Former Advanced Micro Devices chief executive Hector Ruiz allegedly shared confidential secrets about his company to a trader involved in the Galleon insider trading scandal, according to the Wall Street Journal.
If true, it’s a huge scandal that will stain the record of a statesman of the chip industry. Journalists started probing into the possibility after the U.S. Attorney’s office in New York alleged that an unnamed AMD executive shared secrets about the chip manufacturer with one of the defendants named in a criminal insider trading complaint.
The Wall Street Journal said that Ruiz, who is not a defendant in the case, did not return calls for comment. The newspaper also said that a lawyer for Danielle Chiesi, a defendant in the case to whom the person Ruiz allegedly tipped off, declined to comment.
The new revelation ties Ruiz to the case of Raj Rajaratnam, co-founder of the hedge-fund firm Galleon Group, and five others who have been hit with criminal and civil charges. Ruiz allegedly told Chiesi (at New Castle) in 2008 about a splitting of AMD into two different companies, one focused on design, the other on manufacturing, before it happened. Ruiz became chairman of Globalfoundries, which is the manufacturing entity that spun out of AMD.
Globalfoundries declined to comment to the WSJ, while Drew Prairie, an AMD spokesman, told the newspaper, “We are thoroughly reviewing the situation, but at this time we don’t have any more detail to discuss publicly.
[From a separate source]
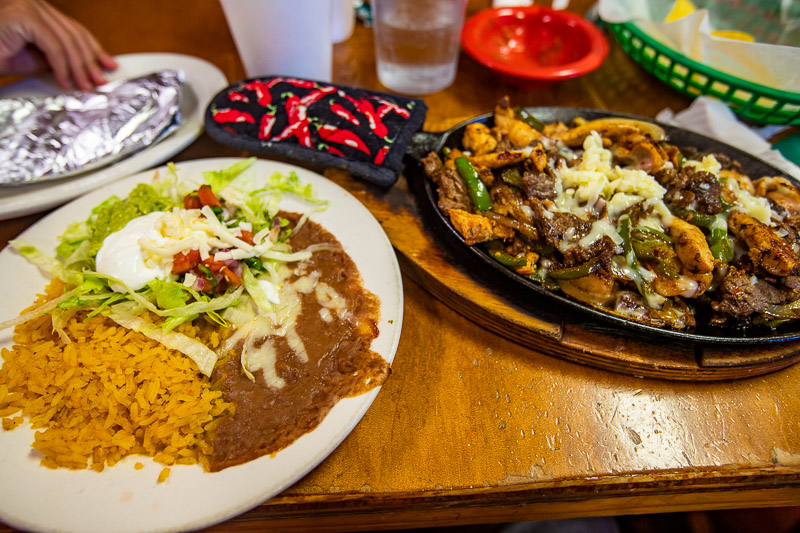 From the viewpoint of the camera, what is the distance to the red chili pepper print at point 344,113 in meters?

We are not aware of any allegation of criminal misconduct on the part of any current or former AMD employees, nor have any current or former AMD employees been charged with a crime.”
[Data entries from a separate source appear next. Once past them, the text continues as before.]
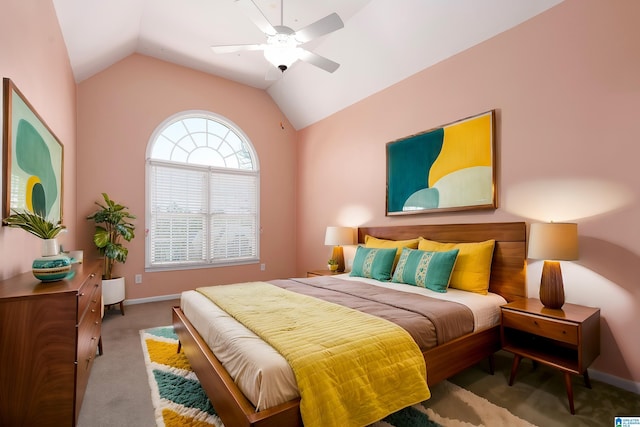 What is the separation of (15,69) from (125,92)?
269cm

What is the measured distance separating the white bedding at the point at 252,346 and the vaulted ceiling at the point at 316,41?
7.88 feet

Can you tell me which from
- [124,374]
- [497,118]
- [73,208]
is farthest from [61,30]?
[497,118]

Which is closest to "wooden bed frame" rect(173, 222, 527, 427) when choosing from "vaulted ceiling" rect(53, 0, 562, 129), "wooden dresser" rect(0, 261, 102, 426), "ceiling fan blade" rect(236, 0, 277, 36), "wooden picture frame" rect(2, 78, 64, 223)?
"wooden dresser" rect(0, 261, 102, 426)

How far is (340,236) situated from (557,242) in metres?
2.58

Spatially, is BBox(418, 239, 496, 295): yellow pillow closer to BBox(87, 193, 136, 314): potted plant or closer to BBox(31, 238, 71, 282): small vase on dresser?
BBox(31, 238, 71, 282): small vase on dresser

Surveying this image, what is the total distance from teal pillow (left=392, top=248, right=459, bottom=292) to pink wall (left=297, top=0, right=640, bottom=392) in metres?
0.61

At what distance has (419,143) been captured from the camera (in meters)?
3.66

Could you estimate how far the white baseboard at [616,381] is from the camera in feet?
7.07

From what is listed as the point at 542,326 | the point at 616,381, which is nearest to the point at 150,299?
the point at 542,326

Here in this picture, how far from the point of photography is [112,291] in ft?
12.6

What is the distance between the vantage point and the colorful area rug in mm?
1805

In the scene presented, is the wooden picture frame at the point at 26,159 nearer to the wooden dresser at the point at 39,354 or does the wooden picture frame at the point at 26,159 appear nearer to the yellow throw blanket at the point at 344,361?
the wooden dresser at the point at 39,354

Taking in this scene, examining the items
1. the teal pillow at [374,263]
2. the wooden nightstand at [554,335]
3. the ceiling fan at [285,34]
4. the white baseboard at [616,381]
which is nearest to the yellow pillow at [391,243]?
the teal pillow at [374,263]

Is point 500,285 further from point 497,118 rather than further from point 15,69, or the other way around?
point 15,69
Both Galleon and New Castle bought shares of AMD before the deal was announced on Oct. 7, 2008. For all of the skullduggery, neither made money because the stock market tanked.
If it’s true, it would put a lot of heat on a widely admired man. Ruiz grew up impoverished in Mexico, earned a doctorate in electrical engineering, and rose through the ranks at Texas Instruments and Motorola. He joined AMD in 2000 and was named CEO of AMD in 2002. He left a huge mark on the company, acquiring graphics chip maker ATI Technologies and railing against Intel in a bitter antitrust suit against the world’s biggest chip maker.